* **AVAILABLE DATA**

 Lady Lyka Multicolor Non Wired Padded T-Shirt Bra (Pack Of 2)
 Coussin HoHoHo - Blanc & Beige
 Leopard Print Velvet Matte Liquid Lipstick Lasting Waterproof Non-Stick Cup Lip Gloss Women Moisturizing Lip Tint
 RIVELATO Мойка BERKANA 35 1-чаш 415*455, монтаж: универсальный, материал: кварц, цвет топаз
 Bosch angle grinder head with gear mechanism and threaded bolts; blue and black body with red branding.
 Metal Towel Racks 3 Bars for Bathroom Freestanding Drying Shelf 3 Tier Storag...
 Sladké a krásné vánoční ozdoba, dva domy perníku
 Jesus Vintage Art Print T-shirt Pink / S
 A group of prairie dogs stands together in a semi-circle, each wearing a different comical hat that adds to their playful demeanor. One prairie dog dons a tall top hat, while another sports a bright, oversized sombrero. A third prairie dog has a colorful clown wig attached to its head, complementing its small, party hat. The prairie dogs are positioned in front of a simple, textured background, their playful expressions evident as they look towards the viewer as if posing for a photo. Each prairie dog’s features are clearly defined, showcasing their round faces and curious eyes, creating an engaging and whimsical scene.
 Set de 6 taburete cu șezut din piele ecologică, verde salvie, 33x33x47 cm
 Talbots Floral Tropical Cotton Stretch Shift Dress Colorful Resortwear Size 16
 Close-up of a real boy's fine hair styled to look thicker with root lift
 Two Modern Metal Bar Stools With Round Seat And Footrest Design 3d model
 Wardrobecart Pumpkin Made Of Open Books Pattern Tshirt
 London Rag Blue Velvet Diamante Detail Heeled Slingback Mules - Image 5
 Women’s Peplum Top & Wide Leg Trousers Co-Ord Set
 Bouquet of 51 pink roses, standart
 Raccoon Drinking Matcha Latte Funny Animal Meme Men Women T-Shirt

* **TASK REQUIREMENTS**
Only a number is expected in response: how many lines of the records above include the word "look".

* **ANSWER TO THE EXERCISE**
2